Rifondazione était sortie annihilée de l’expérience
du gouvernement Prodi. En deux ans elle n’avait obtenu aucun résultat
politique important et elle avait fortement déçu ses soutiens,
dissipant un patrimoine de plus de deux millions et demi de voix. Aux élections
d’avril dernier, elle s’était présentée dans
l’alliance « Sinistra Arcobaleno » en renonçant à
son nom et au symbole avec la faucille et le marteau et elle n’avait obtenu
que les 3,2%, ce qui lui interdisait de siéger au Parlement [barrage
de 4%, réforme votée avec l’appui de RC !]. Aussitôt
la majorité du Parti, qui avait jusqu' alors obstinément
et aveuglement appuyé le leader charismatique Fausto Bertinotti, s’est
divisée en deux. Contre Vendola qui représentait la continuité
avec l’héritage de Bertinotti et qui entendait dissoudre Rifondazione
en un Parti de la gauche radicale, mais non communiste, s’est immédiatement
levé Ferrero qui s’est présenté au congrès
comme le défenseur du Parti et de son identité.
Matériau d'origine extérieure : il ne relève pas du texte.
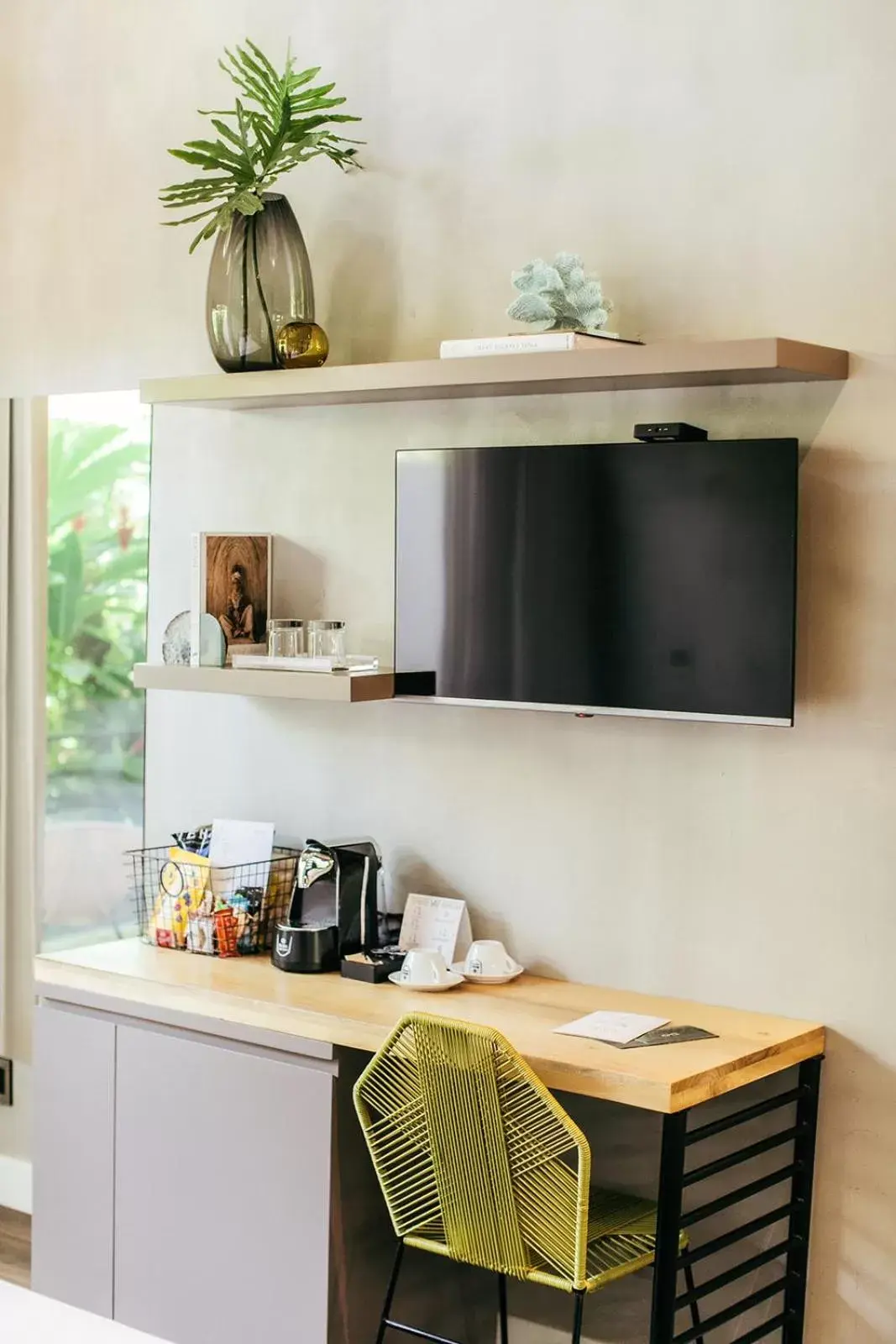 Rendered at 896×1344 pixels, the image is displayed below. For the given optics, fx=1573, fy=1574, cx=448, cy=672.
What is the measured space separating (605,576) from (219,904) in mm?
1147

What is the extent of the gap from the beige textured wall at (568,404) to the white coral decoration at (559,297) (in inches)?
6.6

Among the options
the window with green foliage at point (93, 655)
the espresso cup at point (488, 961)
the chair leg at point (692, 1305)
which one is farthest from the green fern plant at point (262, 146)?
the chair leg at point (692, 1305)

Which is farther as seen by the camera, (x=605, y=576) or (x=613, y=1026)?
(x=605, y=576)

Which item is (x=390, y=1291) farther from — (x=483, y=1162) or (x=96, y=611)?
(x=96, y=611)

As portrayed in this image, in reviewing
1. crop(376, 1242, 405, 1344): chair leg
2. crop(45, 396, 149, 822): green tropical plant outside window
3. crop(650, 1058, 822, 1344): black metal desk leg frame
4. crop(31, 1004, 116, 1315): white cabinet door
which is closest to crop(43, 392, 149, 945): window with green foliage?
crop(45, 396, 149, 822): green tropical plant outside window

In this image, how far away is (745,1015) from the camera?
115 inches

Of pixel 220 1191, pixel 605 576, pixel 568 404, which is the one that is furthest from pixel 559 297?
pixel 220 1191

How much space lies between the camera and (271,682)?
3244 mm

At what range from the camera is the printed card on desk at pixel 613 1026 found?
8.95 feet

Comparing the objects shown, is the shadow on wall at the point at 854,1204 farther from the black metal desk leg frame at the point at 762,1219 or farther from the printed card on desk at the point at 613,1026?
the printed card on desk at the point at 613,1026

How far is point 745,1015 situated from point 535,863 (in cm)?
54

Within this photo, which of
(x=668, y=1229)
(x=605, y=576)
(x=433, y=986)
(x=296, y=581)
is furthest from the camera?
(x=296, y=581)

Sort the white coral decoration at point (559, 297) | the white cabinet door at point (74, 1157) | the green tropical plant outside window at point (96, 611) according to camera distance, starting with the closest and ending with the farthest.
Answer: the white coral decoration at point (559, 297)
the white cabinet door at point (74, 1157)
the green tropical plant outside window at point (96, 611)

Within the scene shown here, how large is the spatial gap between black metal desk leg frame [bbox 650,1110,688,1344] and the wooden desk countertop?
6 centimetres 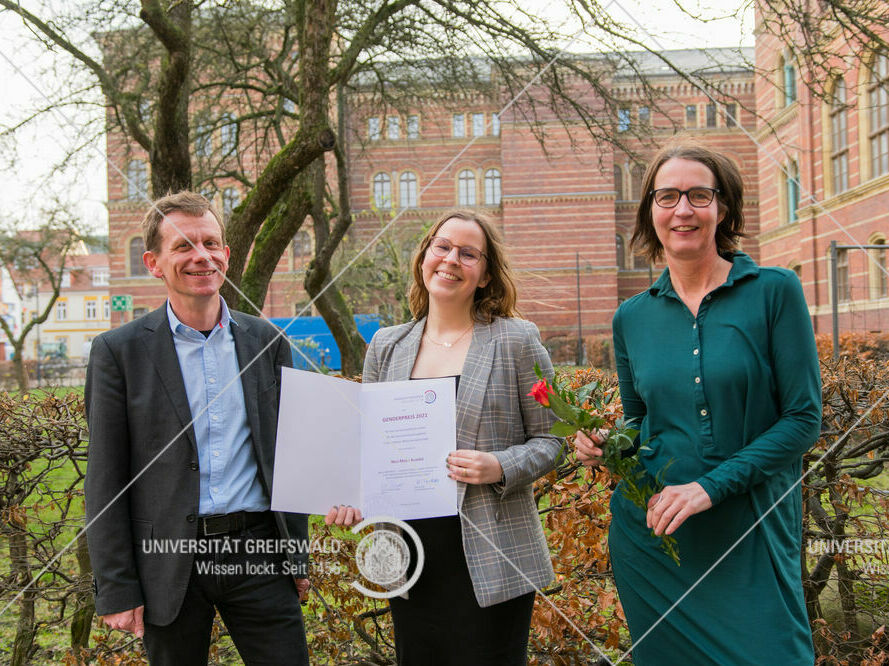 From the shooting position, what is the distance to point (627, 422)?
74.9 inches

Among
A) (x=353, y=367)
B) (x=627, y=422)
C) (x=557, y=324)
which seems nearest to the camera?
(x=627, y=422)

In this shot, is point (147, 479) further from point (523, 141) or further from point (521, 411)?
point (523, 141)

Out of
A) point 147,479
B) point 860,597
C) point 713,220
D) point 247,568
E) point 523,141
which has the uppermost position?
point 523,141

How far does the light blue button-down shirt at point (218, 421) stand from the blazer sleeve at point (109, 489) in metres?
0.20

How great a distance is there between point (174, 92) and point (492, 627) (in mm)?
5103

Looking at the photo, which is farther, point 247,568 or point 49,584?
point 49,584

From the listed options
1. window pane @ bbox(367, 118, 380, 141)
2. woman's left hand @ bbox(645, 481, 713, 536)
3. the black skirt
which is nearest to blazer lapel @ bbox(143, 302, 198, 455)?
the black skirt

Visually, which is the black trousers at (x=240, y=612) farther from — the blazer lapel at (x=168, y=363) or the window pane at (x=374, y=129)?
the window pane at (x=374, y=129)

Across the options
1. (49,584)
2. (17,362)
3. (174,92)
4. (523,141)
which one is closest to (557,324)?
(523,141)

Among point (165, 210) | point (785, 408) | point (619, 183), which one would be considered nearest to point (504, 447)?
point (785, 408)

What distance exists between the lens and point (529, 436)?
82.4 inches

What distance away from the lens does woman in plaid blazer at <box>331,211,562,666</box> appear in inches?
76.5

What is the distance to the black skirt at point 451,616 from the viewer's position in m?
1.96

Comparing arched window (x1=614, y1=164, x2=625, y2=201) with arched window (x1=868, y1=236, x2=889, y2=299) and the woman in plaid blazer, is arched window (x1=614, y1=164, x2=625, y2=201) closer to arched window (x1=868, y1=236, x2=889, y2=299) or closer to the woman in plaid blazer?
arched window (x1=868, y1=236, x2=889, y2=299) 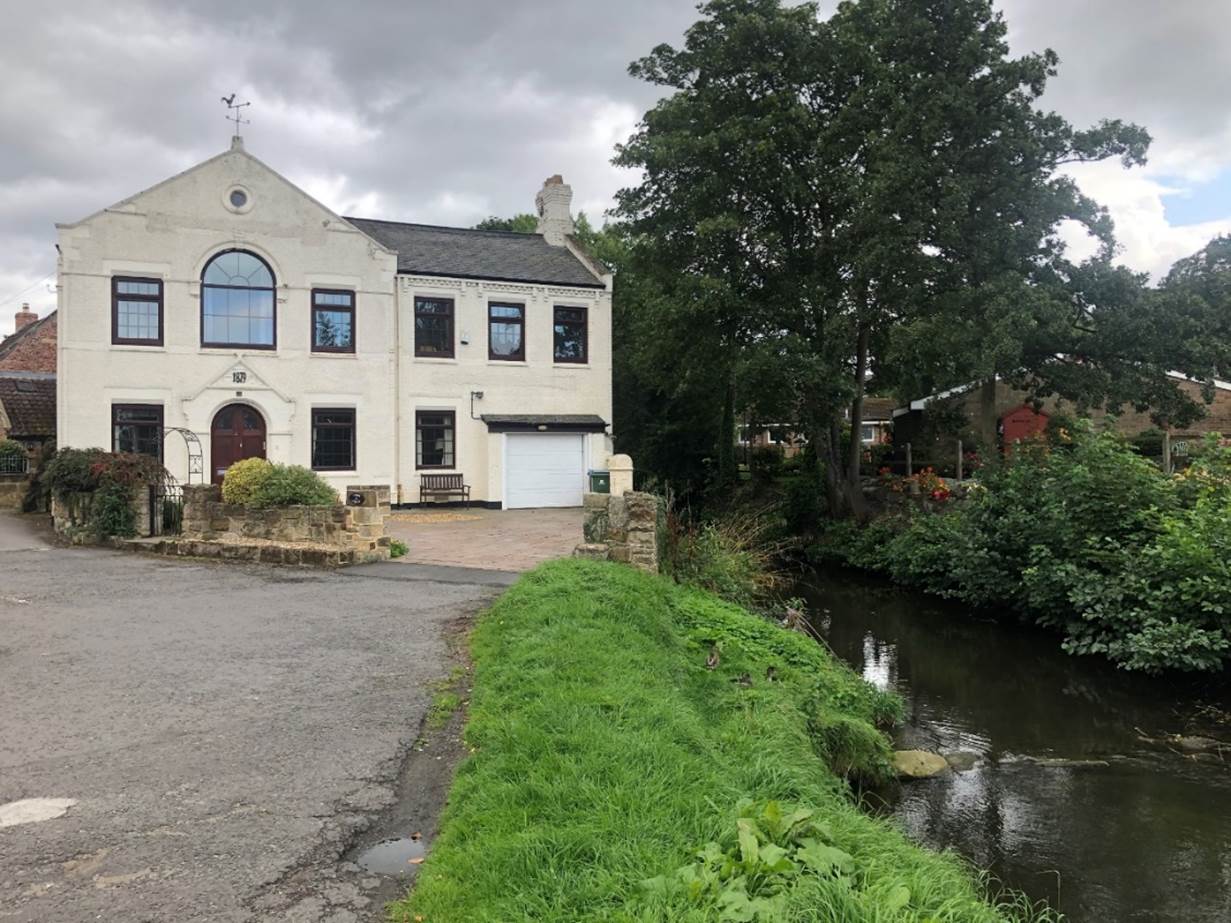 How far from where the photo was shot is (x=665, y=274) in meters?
23.5

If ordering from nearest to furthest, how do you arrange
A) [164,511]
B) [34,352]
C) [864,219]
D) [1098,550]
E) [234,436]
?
[1098,550] < [164,511] < [864,219] < [234,436] < [34,352]

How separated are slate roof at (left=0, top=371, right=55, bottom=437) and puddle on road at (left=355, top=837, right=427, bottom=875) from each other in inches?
1045

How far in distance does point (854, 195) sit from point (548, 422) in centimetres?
1039

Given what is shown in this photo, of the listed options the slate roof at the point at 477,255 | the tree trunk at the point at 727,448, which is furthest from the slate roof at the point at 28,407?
the tree trunk at the point at 727,448

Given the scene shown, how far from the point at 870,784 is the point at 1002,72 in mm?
17138

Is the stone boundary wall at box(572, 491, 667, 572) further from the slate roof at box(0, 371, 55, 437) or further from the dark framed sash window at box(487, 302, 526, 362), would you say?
the slate roof at box(0, 371, 55, 437)

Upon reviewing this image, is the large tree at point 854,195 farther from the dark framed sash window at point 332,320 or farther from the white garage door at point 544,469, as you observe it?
the dark framed sash window at point 332,320

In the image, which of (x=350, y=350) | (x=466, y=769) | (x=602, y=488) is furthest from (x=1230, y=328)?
(x=466, y=769)

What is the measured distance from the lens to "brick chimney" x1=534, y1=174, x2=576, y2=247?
28047 millimetres

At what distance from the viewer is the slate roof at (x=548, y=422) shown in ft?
79.9

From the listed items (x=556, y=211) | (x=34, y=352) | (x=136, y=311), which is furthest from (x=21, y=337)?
(x=556, y=211)

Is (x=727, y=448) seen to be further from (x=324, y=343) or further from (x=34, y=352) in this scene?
(x=34, y=352)

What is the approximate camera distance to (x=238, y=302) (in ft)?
73.5

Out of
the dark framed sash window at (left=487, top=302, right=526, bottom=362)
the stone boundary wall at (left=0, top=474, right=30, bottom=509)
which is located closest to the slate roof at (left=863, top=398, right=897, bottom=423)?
the dark framed sash window at (left=487, top=302, right=526, bottom=362)
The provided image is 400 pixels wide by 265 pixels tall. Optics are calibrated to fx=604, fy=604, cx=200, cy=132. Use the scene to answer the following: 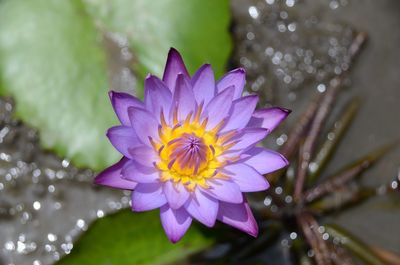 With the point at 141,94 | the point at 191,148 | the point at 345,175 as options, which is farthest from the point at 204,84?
the point at 345,175

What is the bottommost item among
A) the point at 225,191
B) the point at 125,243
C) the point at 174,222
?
the point at 125,243

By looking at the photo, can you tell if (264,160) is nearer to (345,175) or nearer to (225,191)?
(225,191)

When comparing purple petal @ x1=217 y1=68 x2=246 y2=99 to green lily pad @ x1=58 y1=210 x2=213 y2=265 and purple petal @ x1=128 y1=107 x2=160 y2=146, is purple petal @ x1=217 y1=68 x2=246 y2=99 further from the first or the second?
green lily pad @ x1=58 y1=210 x2=213 y2=265

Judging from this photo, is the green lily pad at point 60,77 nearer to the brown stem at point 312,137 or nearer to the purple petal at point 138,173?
Result: the purple petal at point 138,173

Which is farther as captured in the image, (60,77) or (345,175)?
(345,175)

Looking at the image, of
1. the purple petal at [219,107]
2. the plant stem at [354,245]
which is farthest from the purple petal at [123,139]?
the plant stem at [354,245]

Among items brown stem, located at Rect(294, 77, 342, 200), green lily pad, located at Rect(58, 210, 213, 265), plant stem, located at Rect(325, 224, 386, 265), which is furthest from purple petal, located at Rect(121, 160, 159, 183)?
plant stem, located at Rect(325, 224, 386, 265)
En réalité, les différences politiques
entre Vendola et Ferrero étaient bien moindres de ce que laissait croire
l’âpreté des conflits au congrès. En effet, Ferrero
voulait lui aussi, au fond, repositionner Rifondazione au sein d’une plus
large fédération de la gauche, sur le modèle de l’Izquierda
Unida espagnole. Sujet où la perspective communiste inévitablement
perdrait toute son autonomie, encore que Ferrero voulût parvenir à
ce résultat dans un laps de temps plus long et avec des modalités
différentes par rapport à Vendola. C’est justement en soulignant
cette homogénéité politique (et culturelle) que plusieurs
analystes avaient prédit une probable recomposition de l’ancienne
coalition liée à Bertinotti juste après le congrès.
C’était la solution « de droite » ouvertement souhaitée
jusqu' au dernier instant par Claudio Grassi, chef du courant « Essere
Comunisti » et allié de Ferrero au congrès. Mais l’aboutissement
a été tout autre. Vendola n’a pas obtenu la majorité
absolue, s’arrêtant à seulement 47,3% face aux 40,3% de Ferrero.
Or il a exigé d’être élu secrétaire quand même,
refusant tout compromis sur un autre nom et maintenant sa proposition d’une
constituante de la gauche. Du coup, le jeu a été rouvert et les
courants minoritaires du Parti sont devenus déterminants.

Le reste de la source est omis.